CN103107735B - Amplitude-and-phase control method of space phase-adjusting traveling-wave ultrasonic motor - Google Patents

Abstract

The invention discloses a method for controlling amplitude and phase of a space phase-modulated annular traveling-wave ultrasonic motor. The piezoelectric ceramics used in the motor are divided into A-zone piezoelectric ceramics and B-zone piezoelectric ceramics, and the width of each polarization partition of the piezoelectric ceramics is 1/4. Traveling wave wavelength, the polarization direction is arranged clockwise according to "++--", the space difference between the piezoelectric ceramics in the A area and the B area is a quarter of the traveling wave wavelength. Two power supplies are applied to the piezoelectric ceramics in the A region and the B region respectively, a total of four power supplies. The two power supplies in the same area have the same time phase, different voltage amplitudes, the time phase difference of the power supplies in different areas is π/2, and the voltage on the piezoelectric ceramic polarization partition of the same area is 1/2 traveling wave wavelength same magnitude. Use the voltage amplitude to simultaneously affect the two basic control quantities of the spatial phase shift angle and the traveling wave amplitude of the space phase-modulated annular traveling wave ultrasonic motor, and combine the control characteristics of these two basic control quantities in a certain form according to certain rules , can form various new control characteristics.

Description

Amplitude and Phase Control Method of Spatial Phase Modulation Annular Traveling Wave Ultrasonic Motor

technical field

The invention relates to the field of ultrasonic motor control, in particular to a method for controlling the amplitude and phase of a space phase-modulated annular traveling wave ultrasonic motor.

Background technique

The ring traveling wave ultrasonic motor is a kind of ultrasonic motor that is widely used at present. The essence of its control is to change the amplitude, speed and particle ellipse trajectory of the traveling wave. The corresponding three basic control quantities are voltage amplitude, frequency and time phase. Difference. The control characteristics corresponding to the three basic control quantities are different, and each has its own advantages and disadvantages. The commonly used control scheme is to combine the three control methods of voltage, frequency and phase. On the basis of , the phase is used to realize the servo output control. However, because it corresponds to control quantities of different dimensions, it is difficult to apply three control methods at the same time point, so it is difficult to realize the combination of three or more control characteristics.

Contents of the invention

The purpose of the present invention is to solve the above problems, and provide a control scheme for an annular traveling wave ultrasonic motor that can realize spatial amplitude and phase control.

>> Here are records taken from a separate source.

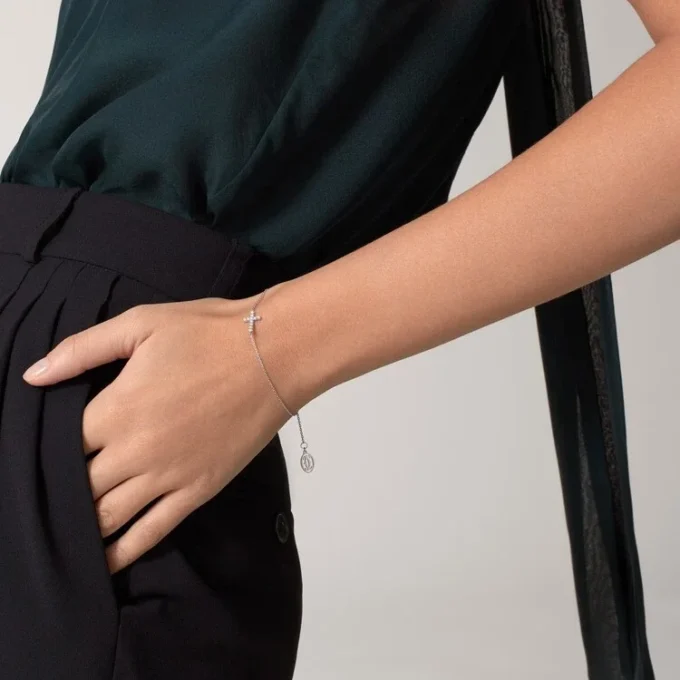 Bransoletka z symbolami – białe złoto, diamenty – Cartier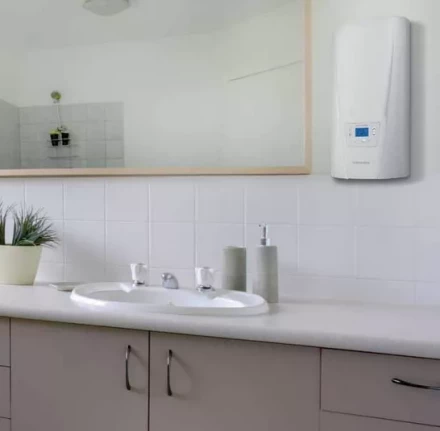 Проточный водонагреватель ELECTROLUX SP 18-27 MULTYTRONIC купить в Муравленко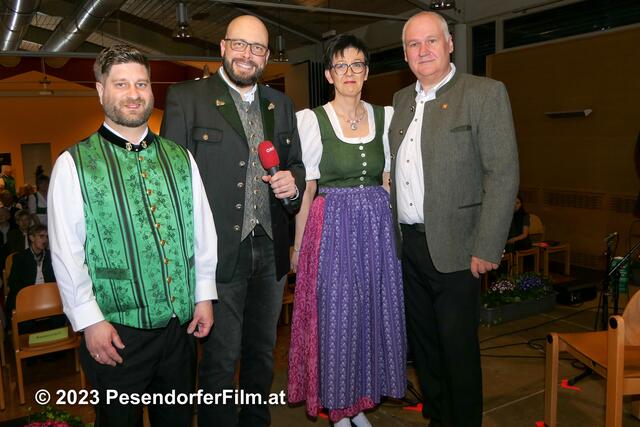 Obmann MV Harmonie Andreas Benesch, ORF Modertor Daniel Neuhauser, Mundartdichterin Tanja Scheickl und Kulturreferent Andreas Pesendorfer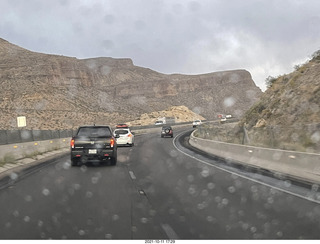 Arizona I-15 Virgin River drive - amazing rocks and views - rain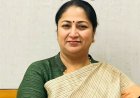 രേഖ ഗുപ്ത ഡൽഹി മുഖ്യമന്ത്രിയായി സത്യപ്രതിജ്ഞ ചെയ്ത് അധികാരമേറ്റു.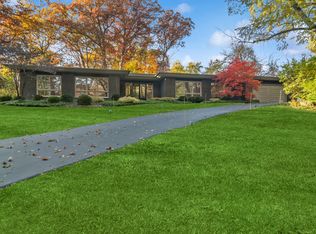 200 Edgewood Ln, Palatine, IL 60067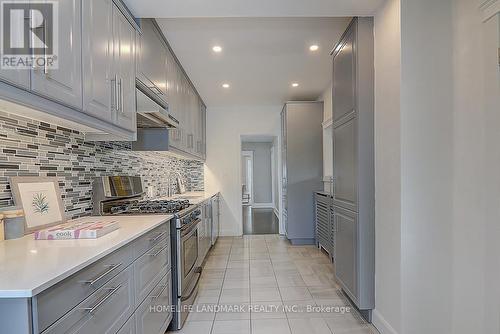 794 Jane Street, Toronto (Rockcliffe-Smythe), ON - Indoor Photo Showing Kitchen With Upgraded Kitchen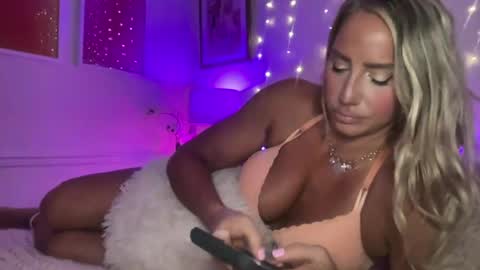 Snapshot of sexygoodvibebabe69 chatting on August 1, 8:24 am Ashley Love online show from August 1, 8:24 am
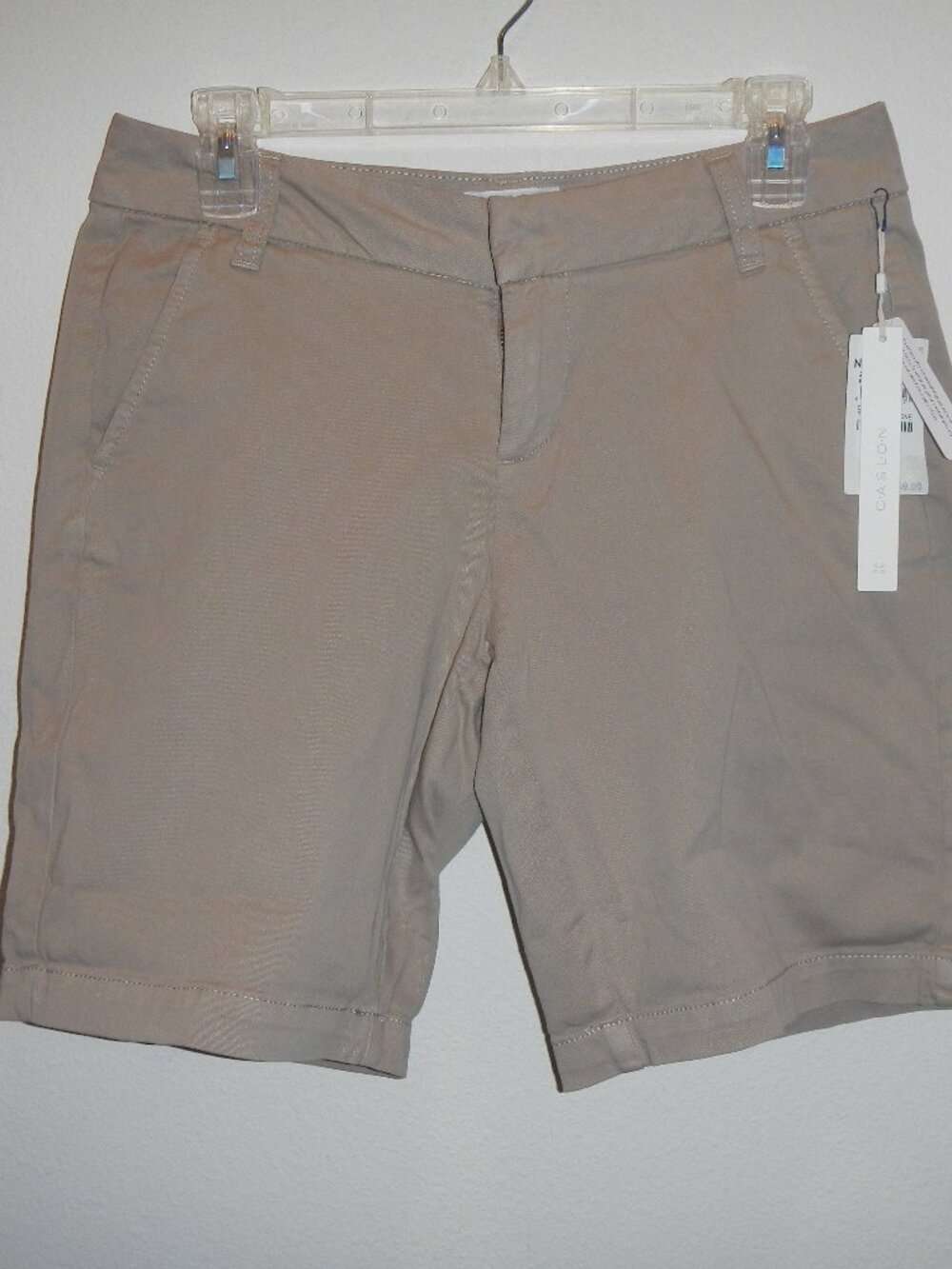 Caslon Women's Khaki Bermuda Dress Short Tan Size 2 NWT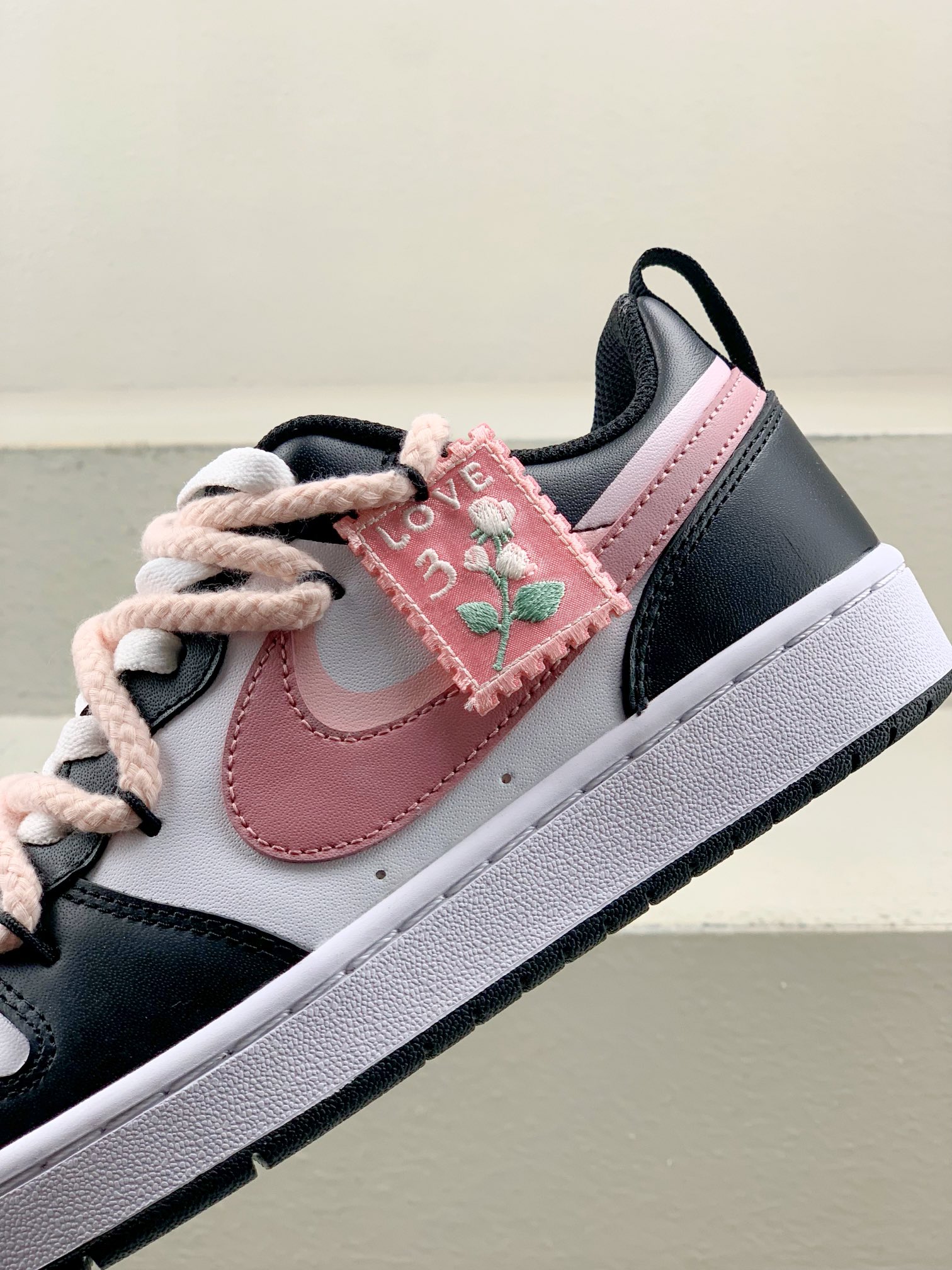 Calvin Klein Nike Female Board Shoes L-s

The present invention adopts following technical scheme:

A method for controlling the amplitude and phase of a space phase-modulated annular traveling-wave ultrasonic motor. The piezoelectric ceramics of the ultrasonic motor include piezoelectric ceramics in area A and piezoelectric ceramics in area B, and the space difference between the piezoelectric ceramics in area A and the piezoelectric ceramics in area B is 1/4 One-line wave wavelength, piezoelectric ceramics in zone A and piezoelectric ceramics in zone B adopt the piezoelectric sheet polarization division of a quarter of the traveling wave wavelength, and along the clockwise direction, the polarization direction of the piezoelectric ceramic polarization division in each zone They are all arranged in sequence according to "++--"; the piezoelectric ceramics are excited by power supply 1, power supply 2, power supply 3, and power supply 4, and power supply 1 and power supply 2 act on each pole of piezoelectric ceramics in area A in a clockwise direction. Power supply 3 and power supply 4 act on the polarization partitions of piezoelectric ceramics in area B at intervals clockwise, power supply 1 and power supply 2 have the same time phase, power supply 3 and power supply 4 have the same time phase, power supply 3 and power supply The time phase of four is π/2 different from power supply 1 and power supply 2, power supply 1 and power supply 4 have the same voltage amplitude a, power supply 2 and power supply 3 have the same voltage amplitude b, and voltage amplitude b is the control value, adjust The range is [-1,1], the voltage amplitude a is the associated control quantity and changes with the voltage amplitude b according to the functional relationship.

Further, the voltage amplitude a and the voltage amplitude b satisfy a ^m +|b| ^m =1 (m>0, m≠2), realizing a ^m +|b| ^m =1 (m>0, m≠2 ) amplitude and phase control.

Further, the voltage amplitude a satisfies a=1, realizing a=1 amplitude and phase control. Within the adjustment range of the control voltage amplitude b, as |b| increases, the motor speed increases monotonously.

Further, when the voltage amplitude a maintains a positive value, the rotation direction of the motor is changed by switching the voltage amplitude b between positive and negative.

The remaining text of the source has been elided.